Before returning to reading Peck’s words, she paused on the illustrations, which she found quite jarring: five of them showed human skulls, and one showed an ape’s. Each was given a label, some of which were “Georgian,” “Negro (Guinea),” and “Oran Outang. Simia Satyrus” (meaning orangutan or chimpanzee).
Two years later, Robles began a curatorial internship at the Harvard Art Museums, working with Ethan Lasser, head of the Division of European and American Art and the Theodore E. Stebbins Jr. Curator of American Art. Robles’s internship involved work on the special exhibition that Lasser is organizing, The Philosophy Chamber: Art and Science in Harvard’s Teaching Cabinet, 1766–1820, which is set to open this May. The show will reintroduce a lost collection of art and scientific artifacts that were displayed from 1766 to 1820 in Harvard’s Philosophy Chamber, an early museum space. (For more on the chamber and what it held, read about the research conducted by curators, conservators, and other experts, in developing the exhibition.)
Robles was already familiar with the Philosophy Chamber, since she’d taken a course about it that was taught by Lasser and Jennifer L. Roberts, the Elizabeth Cary Agassiz Professor of the Humanities in the Department of History of Art and Architecture. She also contributed an essay to the forthcoming exhibition catalogue, about Peck’s flattened fish specimens and other flat materials in the Philosophy Chamber. But it wasn’t until she and Lasser started discussing the exhibition’s contents that Robles shared her knowledge of Peck’s skull drawings.

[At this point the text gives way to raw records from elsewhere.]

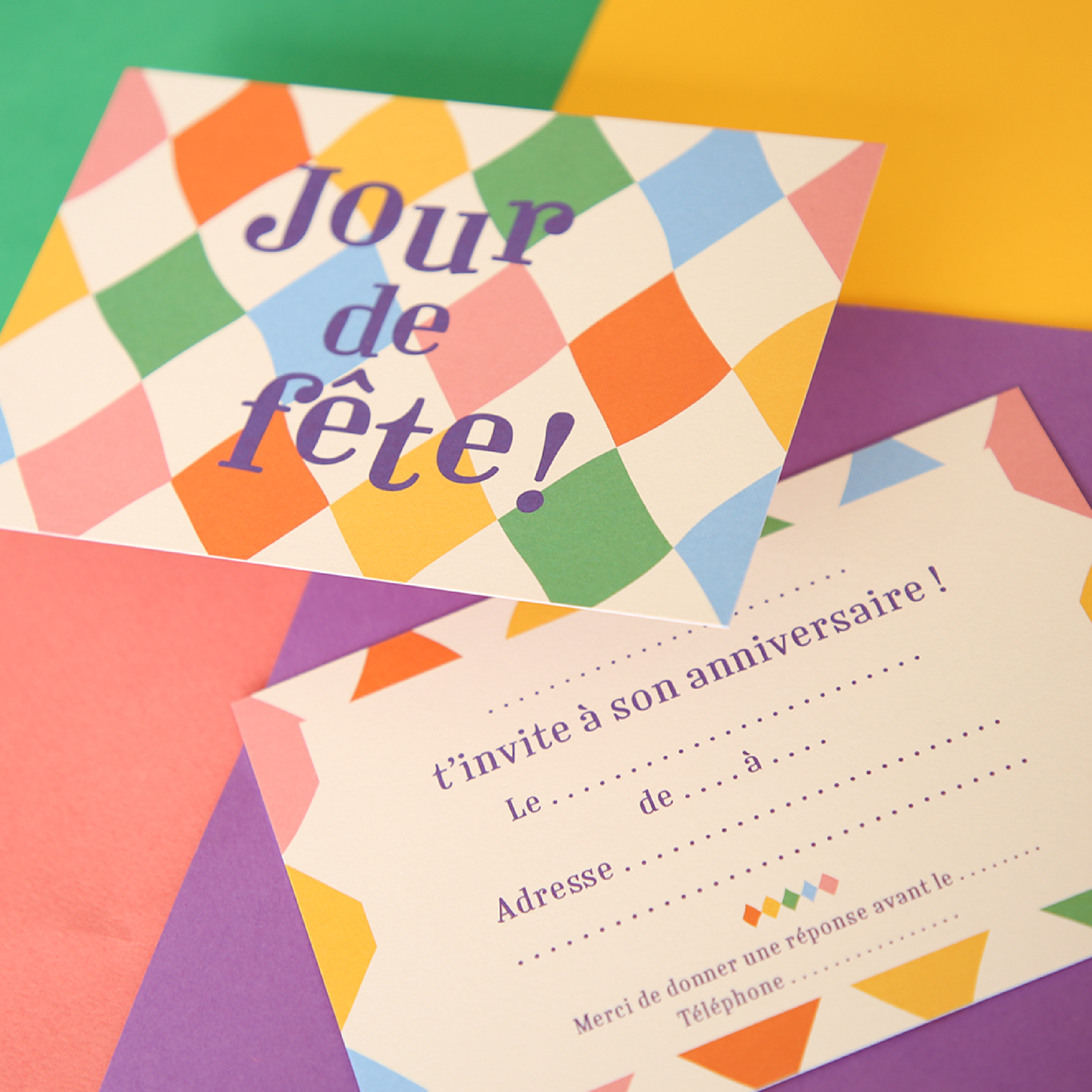 8 cartes d'invitation anniversaire - Jour de fête ! 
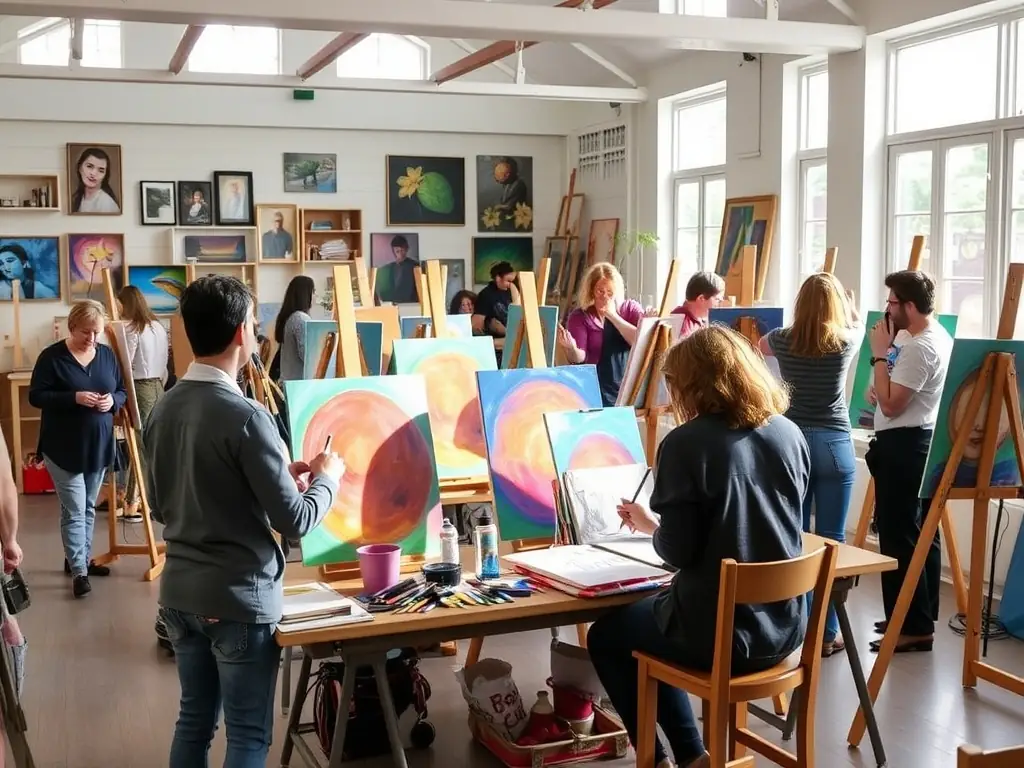 A vibrant image of diverse community members engaged in a hands-on art workshop, painting and sharing ideas in a bright, welcoming space.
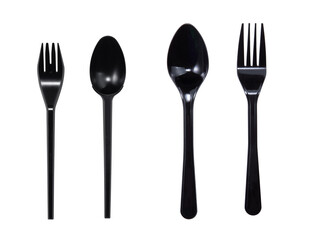 Black plastic fork and spoon isolated on white background with clipping path.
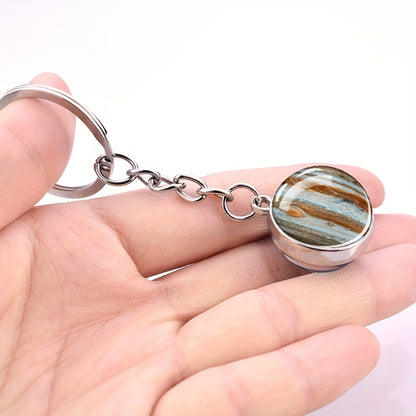 Celestial Solar System Keychain – 8 Planet Designs with Moon Phase Charm
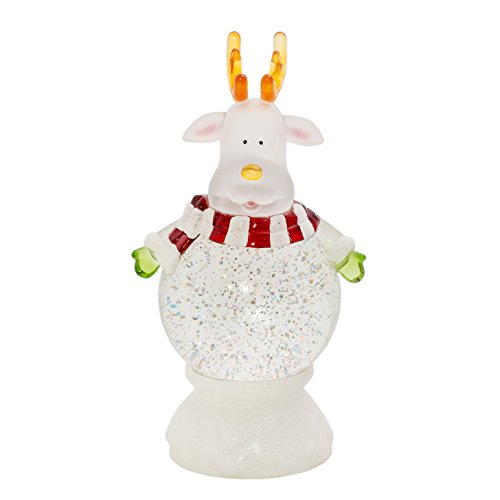 Reindeer Merry Christmas Character LED Light-up 9 x 5 inch Acrylic Snow Globe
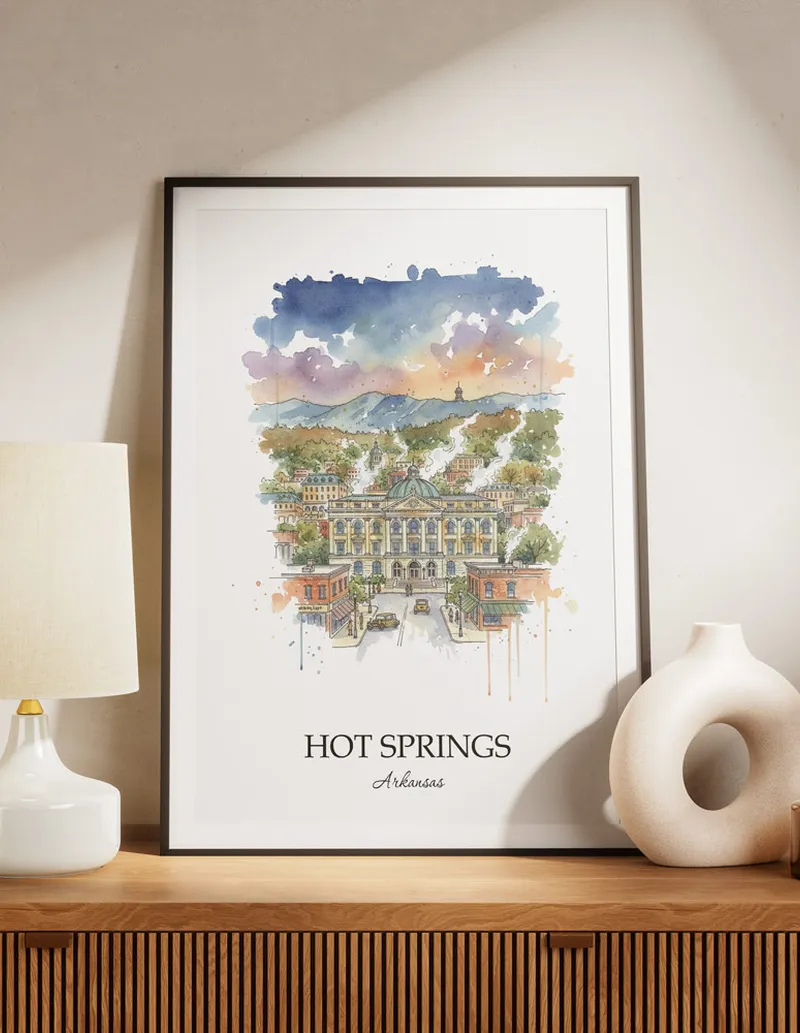 A lovely interior preview showcasing a vintage-vibe travel poster design of the scenic Hot Springs city.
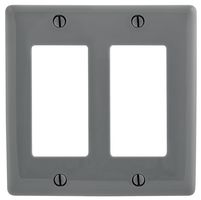 HUBBELL WIRING DEVICES NP262GY WALL PLATE, 2 GANG, GREY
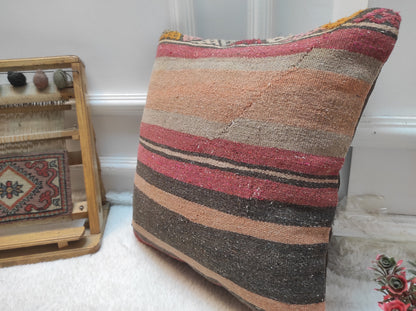 Handmade Kilim Pillow Cover: Upcycled Woven Rug, Bohemian Decor (16x16 cm)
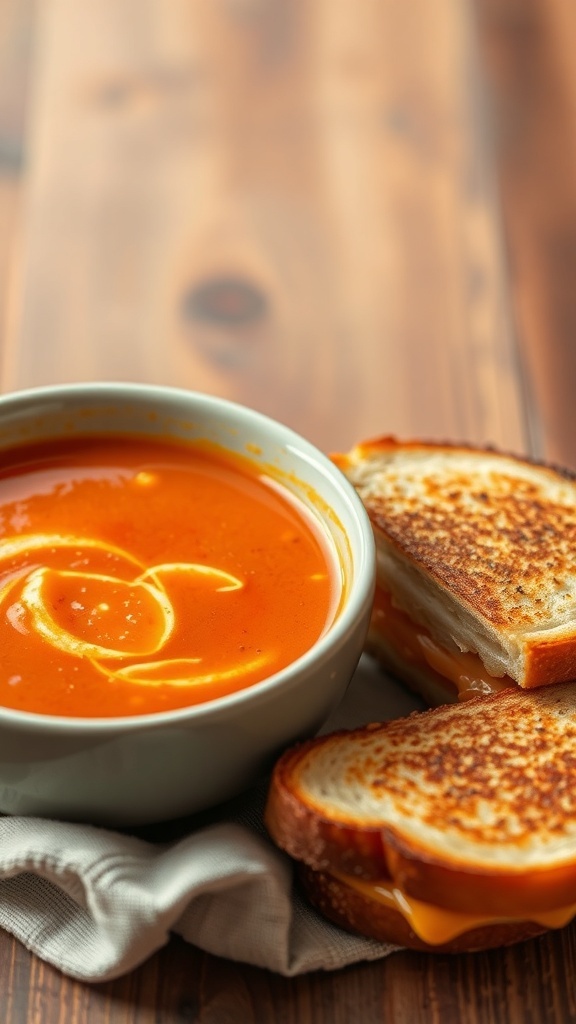 A bowl of creamy tomato soup with a grilled cheese sandwich on the side.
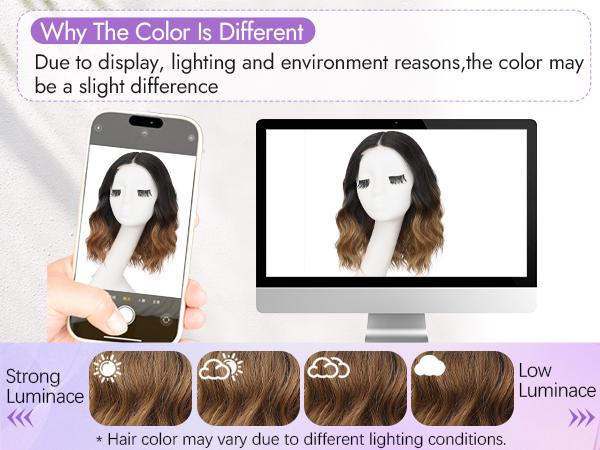 [AISI HAIR]Short Wavy Wig for Women Ombre Brown Lace Hairline Wig Bob Style Synthetic Heat Resistant - Natural Appearance for Everyday Hairstyle 14 Inch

“We realized they gave us a window into the politics of the Philosophy Chamber,” Robles said. “They’re important to include because we believe Peck showed these drawings as part of his lectures, which were held in the Philosophy Chamber.”
Despite being relatively far into the planning for the exhibition, Lasser decided to add all six drawings to the display of art, instruments, specimens, and curiosities collected abroad. “Like all objects that were shown in the Philosophy Chamber, Peck’s skull drawings attest to a world in which art and science were interconnected and reinforced one another,” Lasser said.
Reproductions in a New Light
Harvard’s first Massachusetts Professor of Natural History, Peck was also a recognized naturalist and a skilled draftsman; many illustrations of flora, fauna, and other subjects accompany his manuscripts in Harvard’s archives. So it wasn’t exactly surprising to find illustrations that were presumably drawn or traced by Peck among his lecture notes. But the skull drawings—and the way Peck seemed to be interpreting and teaching about them—stood out.
“It seems at first glance that Peck was just reproducing three-dimensional objects on paper, but it’s actually more politicized that that,” Robles said. In both his drawings and lecture notes (which addressed the topic of mammals), Peck referenced the notion of the “facial line” and “facial angle,” techniques of both drawing and analysis that were developed in the 1760s by Dutch physician and anatomist Petrus Camper. Camper was one of the first thinkers to primarily use the internal anatomy of the skeleton rather than the external anatomy of skin color to describe racial difference. (Scholars debate whether Camper intended to use this method for racist purposes, but his ideas were certainly taken up in that way in the 19th century.)
Peck’s reference to the varied facial angles of the skulls implied a hierarchy of races, and the composition of his drawings backed up this notion. For instance, only two skulls, the African skull and the ape skull, were drawn in profile view, which set them apart as a pair; Peck sketched the other four in a three-quarter pose, suggesting that Africans were closer to “nature” than other human beings at a time when similar arguments were used to justify slavery and other injustices against people of color.
“By looking at these skull drawings, we get a glimpse into racial arguments that Philosophy Chamber professors offered to students,” Robles said. “It’s an important way for us to bring the discussion of race into the exhibition.”
Lasser added: “As drawings of specimens connected to racial science, these objects certainly raise unsettling and problematic questions about the curriculum in this period. The exhibition will give us a chance to study this complicated subject.”
Peck’s skull drawings also shed light on the types of objects that were included in 18th- and 19th-century collections. Both aesthetics and science were integral to each item displayed in the Philosophy Chamber. That concept is not necessarily true of modern-day art or science collections, which are often more starkly delineated.
For Robles, there have been even more takeaways from the experience of researching Peck’s skull drawings. That the works straddle the worlds of art, science, and society has been particularly exciting and will inform Robles’s own academic studies. “As a historian and someone who has previously worked in a natural history museum, I’ve found this project to be a way to leverage my skills in a completely new context,” Robles said. “It’s been fascinating.”